For decades, students at the University of Maryland have made playful sacrifices to the Testudo statue in front of the library, hoping for a little extra luck on their final exams. Over the years, you may have seen anything from pens and notebooks to coffees and alcohol set up around the statue overlooking McKeldin Mall.
But sometimes, things have gotten out of hand, and that seems to be the case once again in College Park.
“I’ve seen a car,” said senior Taylor Hilderbrand.
Sorry, come again?
“Like a four door, just little car, yeah,” she said. “I saw a washing machine and couch as well.”

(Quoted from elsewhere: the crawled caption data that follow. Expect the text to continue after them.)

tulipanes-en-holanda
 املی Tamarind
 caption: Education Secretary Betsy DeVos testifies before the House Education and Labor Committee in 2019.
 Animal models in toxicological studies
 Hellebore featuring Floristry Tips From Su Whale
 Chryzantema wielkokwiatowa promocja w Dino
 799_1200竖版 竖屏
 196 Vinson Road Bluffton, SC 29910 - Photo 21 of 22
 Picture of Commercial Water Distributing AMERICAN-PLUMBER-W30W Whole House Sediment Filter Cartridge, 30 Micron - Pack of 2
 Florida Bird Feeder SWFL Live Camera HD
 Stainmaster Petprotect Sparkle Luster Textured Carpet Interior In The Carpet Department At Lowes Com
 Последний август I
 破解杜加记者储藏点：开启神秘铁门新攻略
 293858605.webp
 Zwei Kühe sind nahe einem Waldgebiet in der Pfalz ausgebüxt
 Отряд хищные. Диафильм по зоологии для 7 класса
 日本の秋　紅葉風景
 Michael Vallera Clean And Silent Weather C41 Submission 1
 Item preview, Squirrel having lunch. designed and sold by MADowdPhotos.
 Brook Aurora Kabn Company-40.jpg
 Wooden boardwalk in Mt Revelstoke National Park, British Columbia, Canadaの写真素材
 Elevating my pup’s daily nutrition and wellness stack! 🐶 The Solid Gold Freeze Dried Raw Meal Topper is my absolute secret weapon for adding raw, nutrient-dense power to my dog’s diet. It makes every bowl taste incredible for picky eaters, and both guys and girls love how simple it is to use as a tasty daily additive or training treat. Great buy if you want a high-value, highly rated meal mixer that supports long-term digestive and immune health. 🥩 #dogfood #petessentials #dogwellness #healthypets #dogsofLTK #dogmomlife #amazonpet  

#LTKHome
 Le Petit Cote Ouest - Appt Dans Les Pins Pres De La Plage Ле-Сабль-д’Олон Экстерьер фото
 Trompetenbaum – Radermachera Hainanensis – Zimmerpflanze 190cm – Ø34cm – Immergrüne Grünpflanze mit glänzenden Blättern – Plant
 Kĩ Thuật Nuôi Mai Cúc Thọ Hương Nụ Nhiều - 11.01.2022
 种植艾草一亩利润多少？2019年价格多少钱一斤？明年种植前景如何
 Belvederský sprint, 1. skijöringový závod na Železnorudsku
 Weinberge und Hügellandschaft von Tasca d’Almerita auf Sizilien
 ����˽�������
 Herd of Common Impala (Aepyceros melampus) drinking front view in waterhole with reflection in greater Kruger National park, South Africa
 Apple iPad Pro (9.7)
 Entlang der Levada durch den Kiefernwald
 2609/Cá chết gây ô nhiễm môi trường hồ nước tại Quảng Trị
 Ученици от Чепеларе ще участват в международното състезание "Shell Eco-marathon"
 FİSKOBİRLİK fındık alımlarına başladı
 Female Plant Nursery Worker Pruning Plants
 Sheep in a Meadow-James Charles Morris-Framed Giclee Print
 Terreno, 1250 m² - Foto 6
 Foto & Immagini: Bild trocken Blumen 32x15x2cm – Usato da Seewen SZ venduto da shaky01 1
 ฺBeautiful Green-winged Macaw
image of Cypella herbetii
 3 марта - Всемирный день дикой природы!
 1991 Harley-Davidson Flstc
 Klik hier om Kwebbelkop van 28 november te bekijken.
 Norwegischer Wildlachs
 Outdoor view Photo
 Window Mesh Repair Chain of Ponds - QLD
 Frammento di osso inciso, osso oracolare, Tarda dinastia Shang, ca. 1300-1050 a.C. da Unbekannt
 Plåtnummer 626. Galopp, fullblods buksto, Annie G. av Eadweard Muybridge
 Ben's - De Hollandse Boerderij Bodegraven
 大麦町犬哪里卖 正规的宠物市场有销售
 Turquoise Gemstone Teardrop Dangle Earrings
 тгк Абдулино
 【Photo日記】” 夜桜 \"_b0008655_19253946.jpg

“I’ve seen street signs, I’ve seen fake IDs, empty bottles,” added senior Sophia Ridge. She looked over at the statue and noticed a cluster of empty orange vials. “I’ve never seen medicine bottles. This is a new thing I’ve never seen before.”
But school leaders aren’t laughing. On Monday afternoon, a letter was sent out to students warning them to reconsider some of the items being left.
“Many items placed have involved vandalism and theft of property. These actions have damaged university and private property, blocked sidewalks, and could cause harm,” wrote Assistant Vice President and Dean of Students Andrea Goodwin. “These actions have placed an additional burden on our hard-working and dedicated Facilities Management and Residential Facilities staff, who are tasked with the removal and repair duties.”
She also warned that both school and campus police are working to identify some of the students involved in what’s dubbed “inappropriate behavior” in recent weeks.
“Individuals found responsible for damaging property or creating a hazard will be held accountable and sanctioned accordingly,” said Goodwin.
This is finals week at Maryland, and the school acknowledged that students might be more stressed out as exams wrap up.
“The bigger the sacrifice you give to Testudo, the more luck you have, so you always give a gift during exams,” said Hilderbrand.
And, she said it’s worked for her, as she gets ready to graduate in the coming days. She also said that the school is keeping a closer eye on the statue at night, to make sure things don’t get any further out of hand.
Mireia Gonzales-Ycern, who was taking graduation photos, said it’s understandable the school would respond this way.
“Those who have to clean it up, it can be a hassle and I wouldn’t want to go through that myself,” she said.
“When I leave something, it’s in good fun,” said Hilderbrand. “I’ve never left anything crazy like a couch or a car, but I think it’s in good fun. But when it does get piled up, it gets to be a lot.”
“I think it brings the school together and it’s a cool tradition,” Ridge said. But she also countered by adding that “if you’re just going to bring trash, it’s not going to do anything. Actually sacrifice something if you want it to work.”